RabbitMQ 的监控

上两篇文章介绍了：

Mac 环境下 RabbitMQ 的安装
RabbitMQ 的六种工作模式（附 Python 代码）

接下来说说监控的相关内容。

监控还是非常重要的，特别是在生产环境。磁盘满了，队列积压严重，如果我们还不知道，老板肯定会怀疑，莫不是这家伙要跑路？

而且我现在就遇到了这样的情况，主要是队列积压的问题。由于量不是很大，所以磁盘空间倒不是很担心，但有时程序执行会报错，导致队列一直消费不下去，这就很让人尴尬了。

查了一些资料，总结了一下。想要了解 RabbitMQ 的运行状态，主要有三种途径：Management UI，rabbitmqctl 命令和 REST API。

Management UI

RabbitMQ 给我们提供了丰富的 Web 管理功能，通过页面，我们能看到 RabbitMQ 的整体运行状况，交换机和队列的状态等，还可以进行人员管理和权限配置，相当全面。

但如果想通过页面来监控，那出不出问题只能靠缘分。看到出问题了，是运气好，看不到出问题，那是必然。

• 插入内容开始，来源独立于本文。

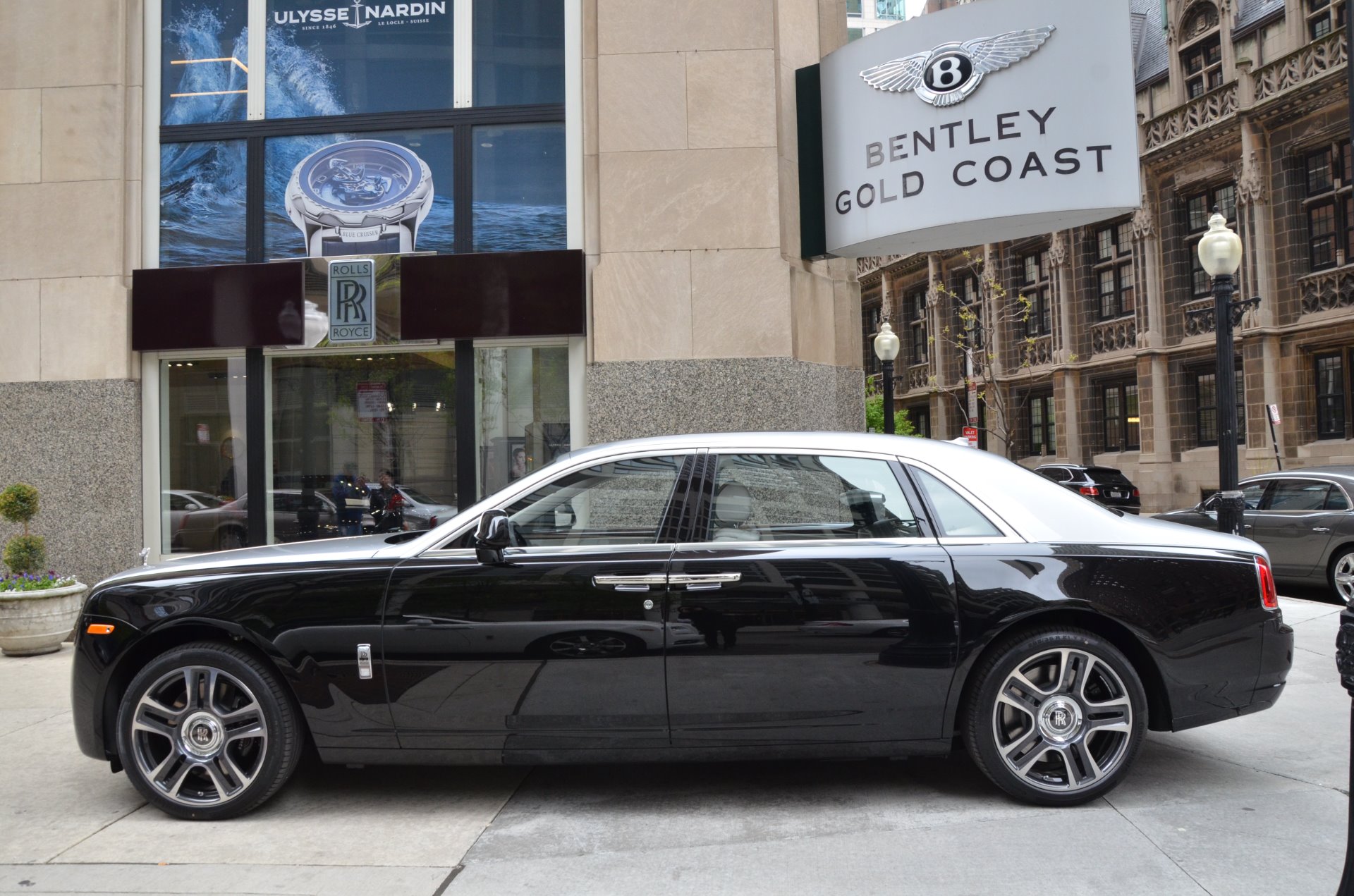 New 2017 RollsRoyce Ghost Extended Wheelbase EWB For Sale Sold  Bentley  Gold Coast Chicago Stock R405S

这也是我当前的现状，所以为了避免出现大问题，得赶紧改变一下。

备注：通过 http://127.0.0.1:15672 来访问 Web 页面，默认情况下用户名和密码都是 guest，但生产环境下都应该改掉的。

rabbitmqctl 命令

与前端页面对应的就是后端的命令行命令了，同样非常丰富。平时自己测试，或者临时查看一些状态时，也能用得上。但就我个人使用感觉来说，用的并不是很多。

我总结一些还算常用的，列在下面，大家各取所需：

# 启动服务
rabbitmq-server

# 停止服务
rabbitmqctl stop

# vhost 增删查
rabbitmqctl add_vhost
rabbitmqctl delete_vhost
rabbitmqctl list_vhosts

# 查询交换机
rabbitmqctl list_exchanges

# 查询队列
rabbitmqctl list_queues

# 查看消费者信息
rabbitmqctl list_consumers

# user 增删查
rabbitmqctl add_user
rabbitmqctl delete_user
rabbitmqctl list_users

REST API

终于来到重点了，对于程序员来说，看到有现成的 API 可以调用，那真是太幸福了。

自动化监控和一些需要批量的操作，通过调用 API 来实现是最好的方式。比如有一些需要初始化的用户和权限，就可以通过脚本来一键完成，而不是通过页面逐个添加，简单又快捷。

下面是一些常用的 API：

# 概括信息
curl -i -u guest:guest http://localhost:15672/api/overview

# vhost 列表
curl -i -u guest:guest http://localhost:15672/api/vhosts

# channel 列表
curl -i -u guest:guest http://localhost:15672/api/channels
      
# 节点信息
curl -i -u guest:guest http://localhost:15672/api/nodes
      
# 交换机信息
curl -i -u guest:guest http://localhost:15672/api/exchanges
      
# 队列信息
curl -i -u guest:guest http://localhost:15672/api/queues

就我现在遇到的情况来说，overview 和 queues 这两个 API 就可以满足我的需求，大家也可以根据自己项目的实际情况来选择。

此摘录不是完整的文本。